-- Problem to solve --
These entries must be printed again exactly as they are.

[[ Input open ]]

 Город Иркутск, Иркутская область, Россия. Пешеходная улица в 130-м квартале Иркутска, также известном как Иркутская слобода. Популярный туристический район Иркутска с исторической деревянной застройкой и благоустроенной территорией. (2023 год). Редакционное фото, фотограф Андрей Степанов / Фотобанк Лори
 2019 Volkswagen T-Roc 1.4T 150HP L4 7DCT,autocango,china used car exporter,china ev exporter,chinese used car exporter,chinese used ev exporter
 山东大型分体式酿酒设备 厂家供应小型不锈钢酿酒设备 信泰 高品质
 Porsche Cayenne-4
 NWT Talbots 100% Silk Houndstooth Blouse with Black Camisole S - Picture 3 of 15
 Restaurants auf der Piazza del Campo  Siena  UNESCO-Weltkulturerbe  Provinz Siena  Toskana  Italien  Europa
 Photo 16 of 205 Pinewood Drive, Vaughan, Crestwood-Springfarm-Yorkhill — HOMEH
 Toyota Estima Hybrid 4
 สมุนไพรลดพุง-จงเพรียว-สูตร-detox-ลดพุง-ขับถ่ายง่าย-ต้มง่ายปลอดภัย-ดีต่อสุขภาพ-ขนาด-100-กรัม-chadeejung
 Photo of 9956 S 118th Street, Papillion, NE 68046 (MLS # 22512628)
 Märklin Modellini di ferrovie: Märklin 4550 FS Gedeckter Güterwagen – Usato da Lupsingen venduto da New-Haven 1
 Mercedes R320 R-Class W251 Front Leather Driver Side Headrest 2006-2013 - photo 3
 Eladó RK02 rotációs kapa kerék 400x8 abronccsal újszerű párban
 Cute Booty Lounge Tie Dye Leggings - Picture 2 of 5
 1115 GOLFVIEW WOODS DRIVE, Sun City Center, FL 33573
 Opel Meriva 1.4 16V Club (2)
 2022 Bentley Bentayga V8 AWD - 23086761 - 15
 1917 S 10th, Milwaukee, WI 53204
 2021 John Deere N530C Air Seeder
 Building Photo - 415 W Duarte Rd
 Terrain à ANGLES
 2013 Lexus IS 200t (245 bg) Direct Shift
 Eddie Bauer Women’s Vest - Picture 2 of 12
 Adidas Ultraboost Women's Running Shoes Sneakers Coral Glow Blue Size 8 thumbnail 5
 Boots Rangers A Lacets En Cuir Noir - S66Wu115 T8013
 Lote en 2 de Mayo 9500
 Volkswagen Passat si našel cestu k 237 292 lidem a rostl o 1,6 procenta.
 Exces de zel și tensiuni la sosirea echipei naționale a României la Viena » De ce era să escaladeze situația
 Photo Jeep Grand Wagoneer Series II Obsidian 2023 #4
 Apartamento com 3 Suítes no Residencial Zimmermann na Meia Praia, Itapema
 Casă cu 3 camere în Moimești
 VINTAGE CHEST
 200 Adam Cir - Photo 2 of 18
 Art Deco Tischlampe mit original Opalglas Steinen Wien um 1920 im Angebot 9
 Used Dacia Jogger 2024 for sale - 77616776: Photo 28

[[ Input closed ]]

-- Answer below --
 Город Иркутск, Иркутская область, Россия. Пешеходная улица в 130-м квартале Иркутска, также известном как Иркутская слобода. Популярный туристический район Иркутска с исторической деревянной застройкой и благоустроенной территорией. (2023 год). Редакционное фото, фотограф Андрей Степанов / Фотобанк Лори
 2019 Volkswagen T-Roc 1.4T 150HP L4 7DCT,autocango,china used car exporter,china ev exporter,chinese used car exporter,chinese used ev exporter
 山东大型分体式酿酒设备 厂家供应小型不锈钢酿酒设备 信泰 高品质
 Porsche Cayenne-4
 NWT Talbots 100% Silk Houndstooth Blouse with Black Camisole S - Picture 3 of 15
 Restaurants auf der Piazza del Campo  Siena  UNESCO-Weltkulturerbe  Provinz Siena  Toskana  Italien  Europa
 Photo 16 of 205 Pinewood Drive, Vaughan, Crestwood-Springfarm-Yorkhill — HOMEH
 Toyota Estima Hybrid 4
 สมุนไพรลดพุง-จงเพรียว-สูตร-detox-ลดพุง-ขับถ่ายง่าย-ต้มง่ายปลอดภัย-ดีต่อสุขภาพ-ขนาด-100-กรัม-chadeejung
 Photo of 9956 S 118th Street, Papillion, NE 68046 (MLS # 22512628)
 Märklin Modellini di ferrovie: Märklin 4550 FS Gedeckter Güterwagen – Usato da Lupsingen venduto da New-Haven 1
 Mercedes R320 R-Class W251 Front Leather Driver Side Headrest 2006-2013 - photo 3
 Eladó RK02 rotációs kapa kerék 400x8 abronccsal újszerű párban
 Cute Booty Lounge Tie Dye Leggings - Picture 2 of 5
 1115 GOLFVIEW WOODS DRIVE, Sun City Center, FL 33573
 Opel Meriva 1.4 16V Club (2)
 2022 Bentley Bentayga V8 AWD - 23086761 - 15
 1917 S 10th, Milwaukee, WI 53204
 2021 John Deere N530C Air Seeder
 Building Photo - 415 W Duarte Rd
 Terrain à ANGLES
 2013 Lexus IS 200t (245 bg) Direct Shift
 Eddie Bauer Women’s Vest - Picture 2 of 12
 Adidas Ultraboost Women's Running Shoes Sneakers Coral Glow Blue Size 8 thumbnail 5
 Boots Rangers A Lacets En Cuir Noir - S66Wu115 T8013
 Lote en 2 de Mayo 9500
 Volkswagen Passat si našel cestu k 237 292 lidem a rostl o 1,6 procenta.
 Exces de zel și tensiuni la sosirea echipei naționale a României la Viena » De ce era să escaladeze situația
 Photo Jeep Grand Wagoneer Series II Obsidian 2023 #4
 Apartamento com 3 Suítes no Residencial Zimmermann na Meia Praia, Itapema
 Casă cu 3 camere în Moimești
 VINTAGE CHEST
 200 Adam Cir - Photo 2 of 18
 Art Deco Tischlampe mit original Opalglas Steinen Wien um 1920 im Angebot 9
 Used Dacia Jogger 2024 for sale - 77616776: Photo 28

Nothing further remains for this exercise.